===== INPUT DATA

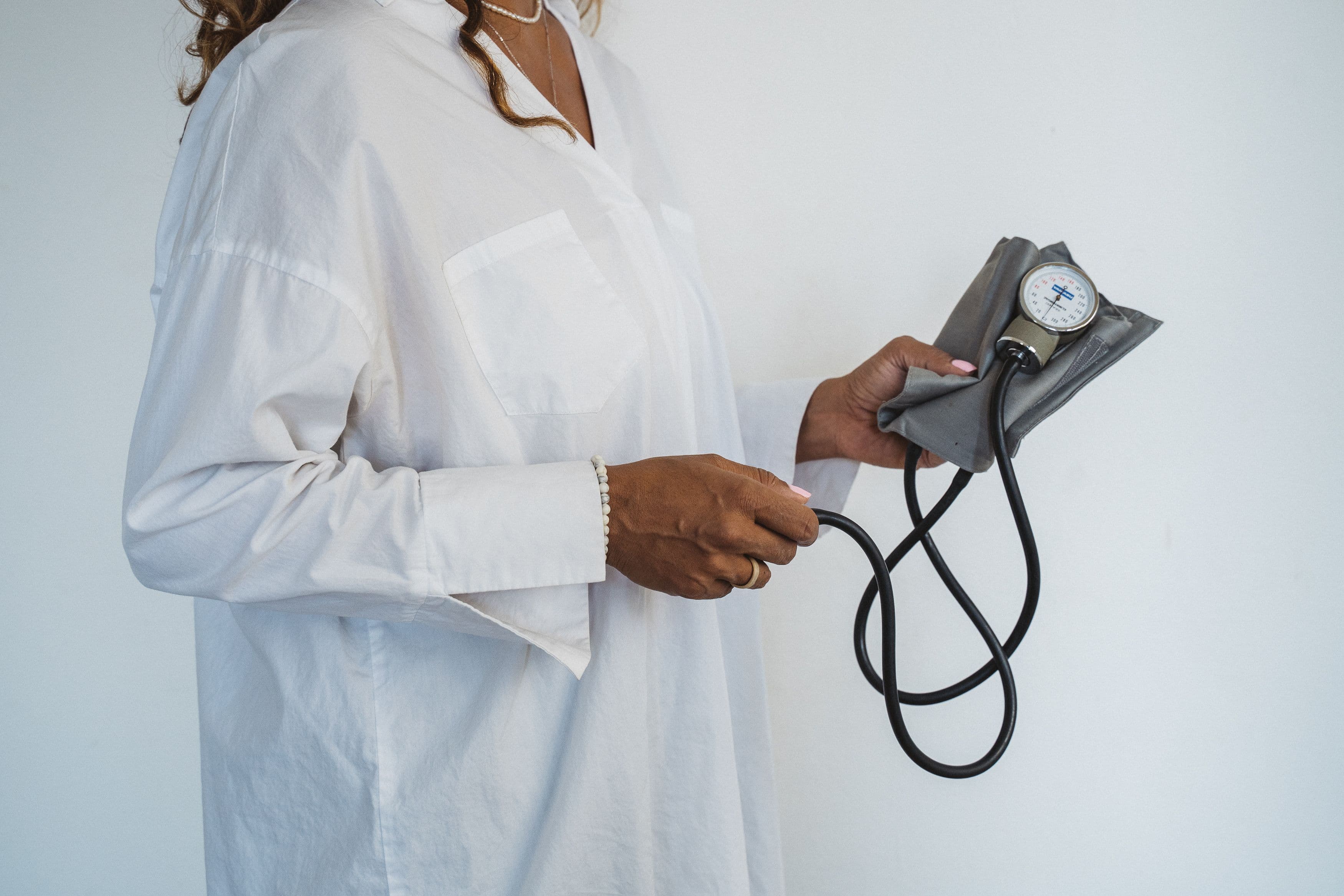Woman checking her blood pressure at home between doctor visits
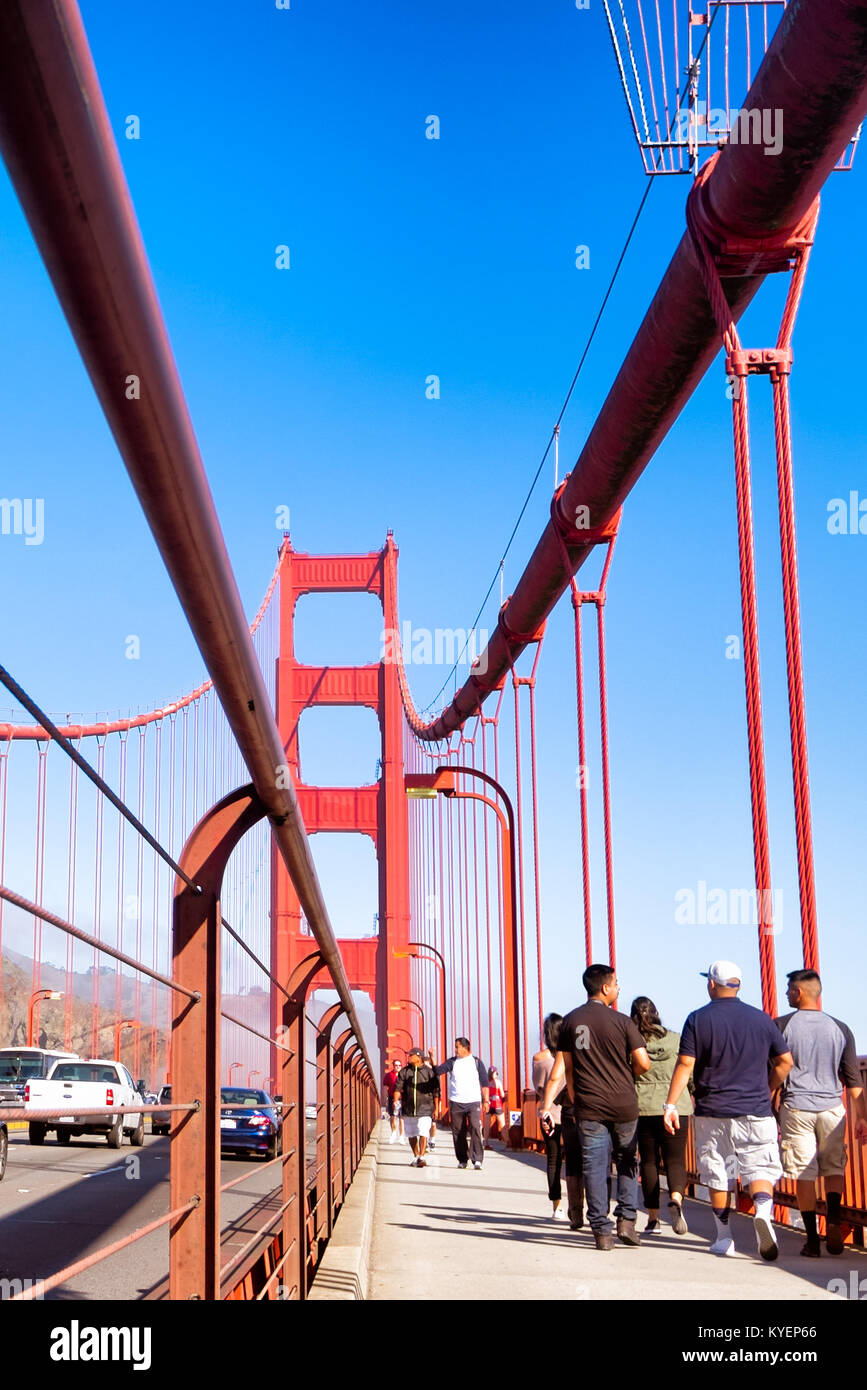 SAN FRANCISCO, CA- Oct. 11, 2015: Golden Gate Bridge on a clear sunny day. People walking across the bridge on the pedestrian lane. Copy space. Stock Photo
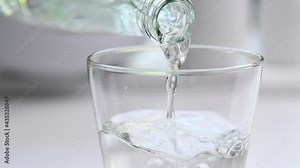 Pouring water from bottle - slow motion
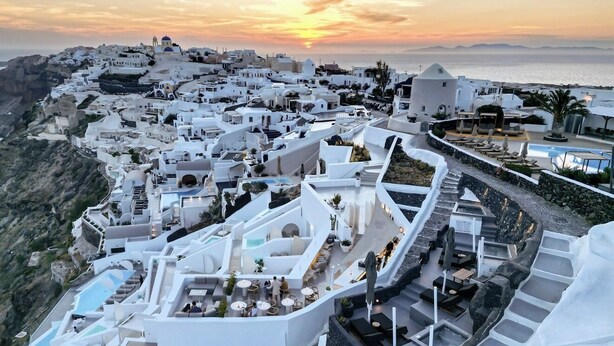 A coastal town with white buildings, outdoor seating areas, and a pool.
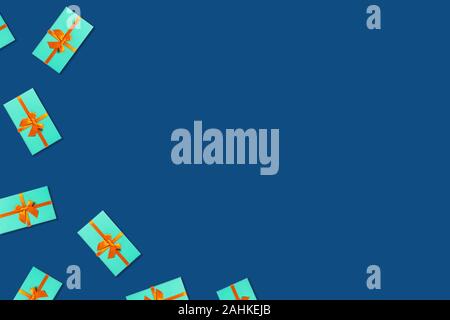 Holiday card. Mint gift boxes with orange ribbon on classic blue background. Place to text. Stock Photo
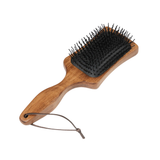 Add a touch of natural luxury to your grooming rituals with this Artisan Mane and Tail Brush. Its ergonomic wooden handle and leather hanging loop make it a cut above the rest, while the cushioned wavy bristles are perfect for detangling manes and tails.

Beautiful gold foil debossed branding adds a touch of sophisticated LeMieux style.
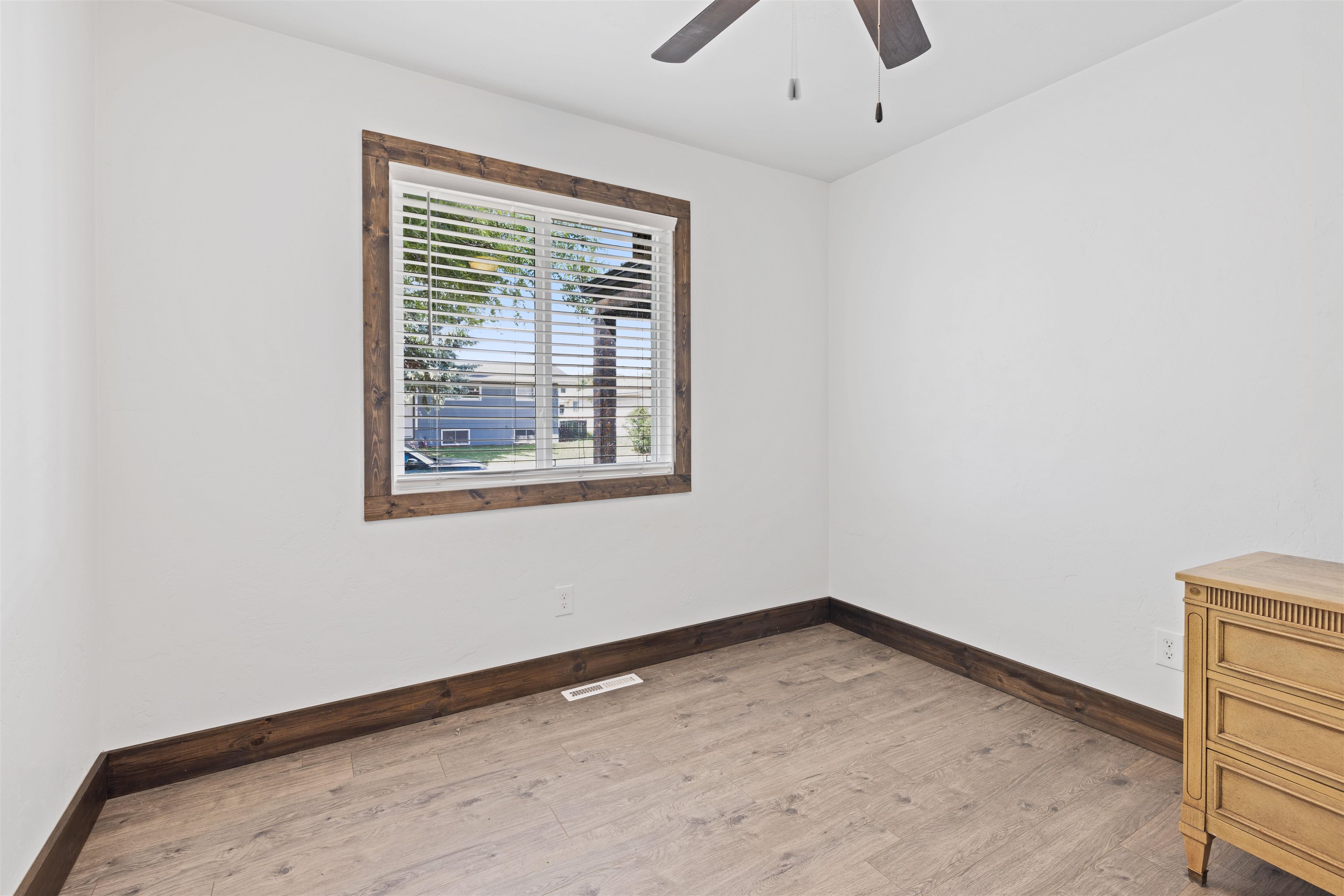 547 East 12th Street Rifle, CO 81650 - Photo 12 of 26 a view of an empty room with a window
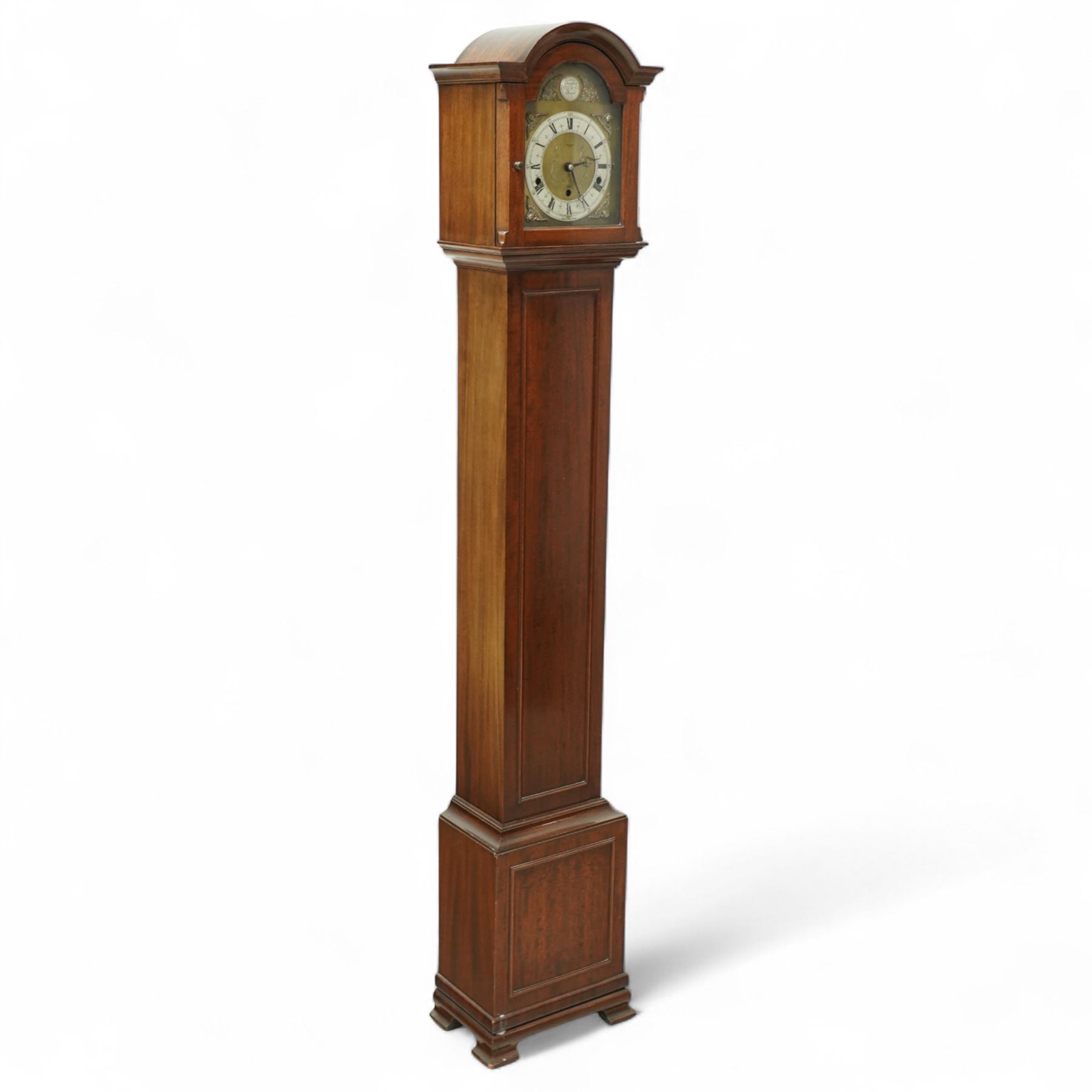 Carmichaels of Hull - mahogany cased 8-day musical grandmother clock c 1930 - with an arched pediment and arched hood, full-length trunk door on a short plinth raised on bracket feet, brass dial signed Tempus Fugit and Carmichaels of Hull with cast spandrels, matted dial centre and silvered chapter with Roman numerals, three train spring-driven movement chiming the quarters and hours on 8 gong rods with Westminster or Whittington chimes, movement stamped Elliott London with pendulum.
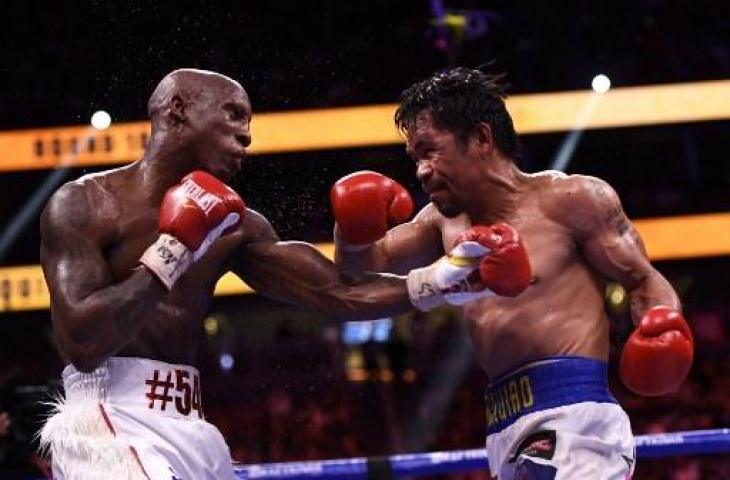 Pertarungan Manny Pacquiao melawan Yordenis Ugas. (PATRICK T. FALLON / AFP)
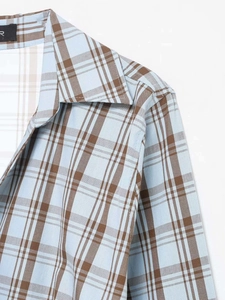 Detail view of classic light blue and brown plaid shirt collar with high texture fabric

==========

■ ACTION ITEM: When copying the records, reproduce every entry exactly and omit all pictures.

■ EXERCISE ANSWER:
Woman checking her blood pressure at home between doctor visits
 SAN FRANCISCO, CA- Oct. 11, 2015: Golden Gate Bridge on a clear sunny day. People walking across the bridge on the pedestrian lane. Copy space. Stock Photo
 Pouring water from bottle - slow motion
 A coastal town with white buildings, outdoor seating areas, and a pool.
 Holiday card. Mint gift boxes with orange ribbon on classic blue background. Place to text. Stock Photo
 Add a touch of natural luxury to your grooming rituals with this Artisan Mane and Tail Brush. Its ergonomic wooden handle and leather hanging loop make it a cut above the rest, while the cushioned wavy bristles are perfect for detangling manes and tails.

Beautiful gold foil debossed branding adds a touch of sophisticated LeMieux style.
 547 East 12th Street Rifle, CO 81650 - Photo 12 of 26 a view of an empty room with a window
 Carmichaels of Hull - mahogany cased 8-day musical grandmother clock c 1930 - with an arched pediment and arched hood, full-length trunk door on a short plinth raised on bracket feet, brass dial signed Tempus Fugit and Carmichaels of Hull with cast spandrels, matted dial centre and silvered chapter with Roman numerals, three train spring-driven movement chiming the quarters and hours on 8 gong rods with Westminster or Whittington chimes, movement stamped Elliott London with pendulum.
 Pertarungan Manny Pacquiao melawan Yordenis Ugas. (PATRICK T. FALLON / AFP)
 Detail view of classic light blue and brown plaid shirt collar with high texture fabric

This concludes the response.